The NMH "scan" program just reads the headers of each mail message in an NMH
folder.  So all the first column numbers should have been consecutively
numbered file names.  But instead of "1", etc. it was coming up with "?4128"
which to me shows some kind of massive overflow problem with "-O2" in that
particular instance.

How did an entire OS and kernel get built successfully if it's in this kind of
state?  'Cos other than some random programs (like "xntpd") that crash, most
everything else seems to work OK so far ... (I'm glad for that!  hehe)

> Unfortunately, avenues for alternative compilers are poor.  gcc-current won't
> build sparc64-elf for me, nor sparc64-netbsd (hasn't for _months_).  I've
> tried to get the sparclinux compiler working (they use the RedHat `gcc 2.96'
> thing.. it has dozens and sparc64 patches..) but I couldn't get that working,
> even for `sparc64-elf'.  (I have given up trying to fix the compiler for now.)

Arggh.  Well, I wouldn't mind so much, if I could find workarounds.  I got
"perl5-base" to compile, finally, by changing "-g -msoft-quad-float -O2 ... "
in "patch-ag" to simply "-O -msoft-quad-float ...", for example.  (Not sure
that it *works*, mind you, but at least it builds, which is a start.  (-: )

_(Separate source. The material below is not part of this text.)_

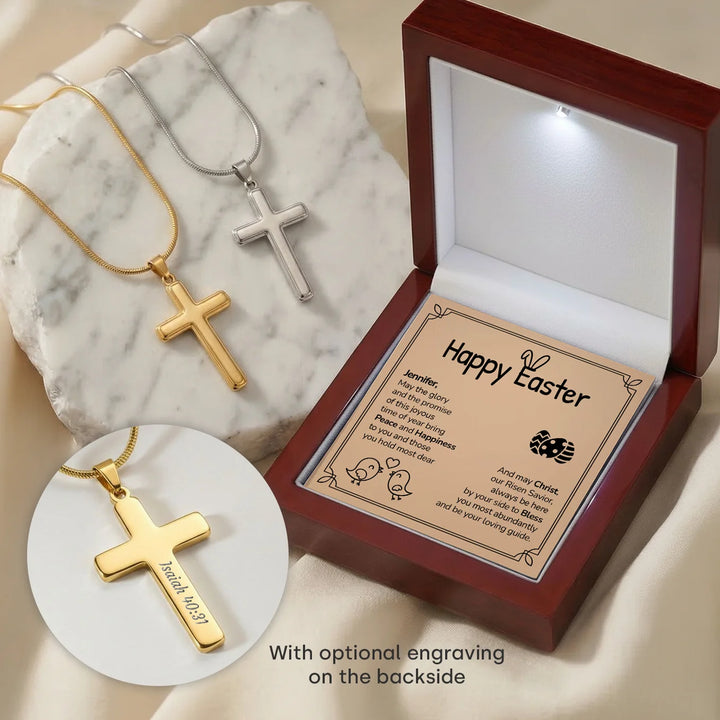 Personalized Necklace Cross "Happy Easter"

But I'm starting to run into thornier stuff.  For example, "sudo" needs
autoconf-2.31 and m4-1.4.  When it runs "autoconf" to create "configure",
these huge bogus line numbers get generated into "configure", and it barfs
on itself when it runs.  I traced this back to "awk" (I think), and here's
a simple demonstration:

isolar# uname -rm
1.4.2 sparc
isolar# awk 'END { printf("%d\n", 1) ; }'
1

netbsd4me# uname -rm
1.5 sparc64
netbsd4me# awk 'END { printf("%d\n", 1) ; }'
9223372045444710399

Note that this number in Hex is 0x80000001FFFFFFFF.  Significant?

If "awk" can't even print out a simple "1" without serious problems, well ...

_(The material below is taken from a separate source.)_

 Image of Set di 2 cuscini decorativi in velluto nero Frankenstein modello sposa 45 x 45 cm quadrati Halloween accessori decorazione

("gawk" gets built with "-O", so I'm not sure what exactly is being tickled
 that causes this behavior at run-time.  If I build "gawk" with "-g" instead
 of "-O", I get a completely different result than the above -
 0xBFF0000000000000.

 This smacks of weirdness in /usr/src/gnu/dist/gawk/builtin.c::format_tree(),
 maybe in the "unsigned long" stuff in the handlers for "%d"/"%i"?  I tried
 to run (g)awk under GDB, but attempts to print out variables at breakpoints
 give me "Error accessing memory address 0x7NN: Invalid argument." errors.)

This kind of thing is propagating throughout the system, making it really
difficult for me to get anything built in the pkg tree.  <Sigh>

(I suppose this really should've been a simple send-pr, but I'm wondering if
 I'm the only person running into these kinds of things on the Ultra.)

	- Greg